Prabowo Tegaskan Ekonomi Pancasila Jadi Kunci Kesejahteraan dan Kedaulatan Bangsa

Jakarta,mejaredaksi – Presiden Repbulik Indonesia (RI), Prabowo Subianto menegaskan bahwa Pancasila harus menjadi landasan utama dalam pembangunan ekonomi nasional yang berorientasi pada kesejahteraan rakyat, pemerataan pembangunan, dan keadilan sosial bagi seluruh masyarakat Indonesia.

Pernyataan tersebut disampaikan Presiden saat memimpin Upacara Peringatan Hari Lahir Pancasila Tahun 2026 di Gedung Pancasila, Kementerian Luar Negeri, Jakarta, Senin (1/6/2026).

Menurutnya, ekonomi yang berlandaskan Pancasila tidak hanya mengejar pertumbuhan ekonomi semata, tetapi juga memastikan manfaat pembangunan dapat dirasakan secara merata oleh seluruh rakyat Indonesia.

“Kekayaan alam bukan sekadar komoditas ekonomi.
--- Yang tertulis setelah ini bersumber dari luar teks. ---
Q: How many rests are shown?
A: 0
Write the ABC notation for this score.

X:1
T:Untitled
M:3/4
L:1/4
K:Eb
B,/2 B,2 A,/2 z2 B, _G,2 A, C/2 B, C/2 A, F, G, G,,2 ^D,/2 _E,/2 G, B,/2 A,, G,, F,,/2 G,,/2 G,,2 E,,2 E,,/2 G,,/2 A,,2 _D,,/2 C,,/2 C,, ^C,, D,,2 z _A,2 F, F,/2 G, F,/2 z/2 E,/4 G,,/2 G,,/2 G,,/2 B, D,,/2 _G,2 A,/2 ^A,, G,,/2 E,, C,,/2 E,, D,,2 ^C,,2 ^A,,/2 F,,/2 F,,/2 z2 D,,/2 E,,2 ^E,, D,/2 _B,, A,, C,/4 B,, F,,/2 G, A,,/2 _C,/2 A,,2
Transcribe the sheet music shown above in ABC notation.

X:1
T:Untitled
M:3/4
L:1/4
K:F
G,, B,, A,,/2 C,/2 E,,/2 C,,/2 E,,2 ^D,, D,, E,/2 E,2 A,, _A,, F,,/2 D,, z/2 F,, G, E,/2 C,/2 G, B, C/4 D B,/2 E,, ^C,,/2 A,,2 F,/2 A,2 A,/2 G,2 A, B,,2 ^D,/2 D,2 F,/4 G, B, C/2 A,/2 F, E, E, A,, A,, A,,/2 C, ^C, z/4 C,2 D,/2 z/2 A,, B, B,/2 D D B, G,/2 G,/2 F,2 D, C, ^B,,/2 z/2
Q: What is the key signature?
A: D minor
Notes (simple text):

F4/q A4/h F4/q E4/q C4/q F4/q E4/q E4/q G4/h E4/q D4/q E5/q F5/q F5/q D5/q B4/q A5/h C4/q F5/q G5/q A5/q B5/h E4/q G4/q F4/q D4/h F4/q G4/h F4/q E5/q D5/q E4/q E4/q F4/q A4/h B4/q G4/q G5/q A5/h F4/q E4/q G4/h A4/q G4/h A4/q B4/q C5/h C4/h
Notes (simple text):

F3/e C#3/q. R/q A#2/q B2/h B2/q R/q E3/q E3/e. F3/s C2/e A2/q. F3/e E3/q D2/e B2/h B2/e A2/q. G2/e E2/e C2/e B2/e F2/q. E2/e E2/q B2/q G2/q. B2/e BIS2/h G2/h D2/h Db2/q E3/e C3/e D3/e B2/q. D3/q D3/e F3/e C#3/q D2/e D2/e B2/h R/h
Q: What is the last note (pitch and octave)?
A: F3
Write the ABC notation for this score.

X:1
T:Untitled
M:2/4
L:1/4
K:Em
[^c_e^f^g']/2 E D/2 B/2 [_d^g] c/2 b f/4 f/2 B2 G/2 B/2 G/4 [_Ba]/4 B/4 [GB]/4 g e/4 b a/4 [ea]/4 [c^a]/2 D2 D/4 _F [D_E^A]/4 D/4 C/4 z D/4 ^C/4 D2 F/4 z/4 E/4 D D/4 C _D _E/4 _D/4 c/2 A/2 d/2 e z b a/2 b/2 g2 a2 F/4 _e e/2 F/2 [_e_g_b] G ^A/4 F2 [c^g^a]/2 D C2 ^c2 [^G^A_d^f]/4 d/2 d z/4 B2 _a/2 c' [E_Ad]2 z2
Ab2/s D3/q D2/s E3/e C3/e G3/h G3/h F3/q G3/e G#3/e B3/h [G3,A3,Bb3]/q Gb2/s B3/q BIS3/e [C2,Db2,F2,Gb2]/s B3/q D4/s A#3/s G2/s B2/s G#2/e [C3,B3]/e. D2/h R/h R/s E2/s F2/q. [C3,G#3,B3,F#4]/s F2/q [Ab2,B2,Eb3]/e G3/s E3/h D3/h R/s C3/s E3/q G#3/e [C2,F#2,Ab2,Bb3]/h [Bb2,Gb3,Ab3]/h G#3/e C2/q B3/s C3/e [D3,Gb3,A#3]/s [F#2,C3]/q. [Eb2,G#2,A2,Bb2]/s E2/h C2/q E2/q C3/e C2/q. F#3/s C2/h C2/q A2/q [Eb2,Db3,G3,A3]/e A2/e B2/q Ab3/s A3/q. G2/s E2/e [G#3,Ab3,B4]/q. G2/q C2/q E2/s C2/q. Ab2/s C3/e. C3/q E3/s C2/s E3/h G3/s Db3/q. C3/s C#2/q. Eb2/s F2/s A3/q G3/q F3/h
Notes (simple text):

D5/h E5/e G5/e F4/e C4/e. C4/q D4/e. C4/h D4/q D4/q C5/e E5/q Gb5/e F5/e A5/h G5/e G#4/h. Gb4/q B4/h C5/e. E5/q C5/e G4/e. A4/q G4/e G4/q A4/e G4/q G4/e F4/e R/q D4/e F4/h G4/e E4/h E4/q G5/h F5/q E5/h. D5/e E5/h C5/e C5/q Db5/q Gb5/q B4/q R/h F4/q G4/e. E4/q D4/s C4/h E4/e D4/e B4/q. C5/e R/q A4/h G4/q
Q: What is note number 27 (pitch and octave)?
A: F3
Kekayaan alam adalah amanah Tuhan Yang Maha Esa yang harus dikelola secara bertanggung jawab untuk sebesar-besar kemakmuran rakyat dan juga untuk anak cucu kita di masa depan,” tegasnya.

Ia menjelaskan, pengelolaan sumber daya alam harus dilakukan dengan prinsip keadilan dan keberlanjutan. Menurutnya, kekayaan yang dimiliki bangsa Indonesia harus menjadi modal utama untuk meningkatkan kesejahteraan masyarakat sekaligus memperkuat kemandirian ekonomi nasional.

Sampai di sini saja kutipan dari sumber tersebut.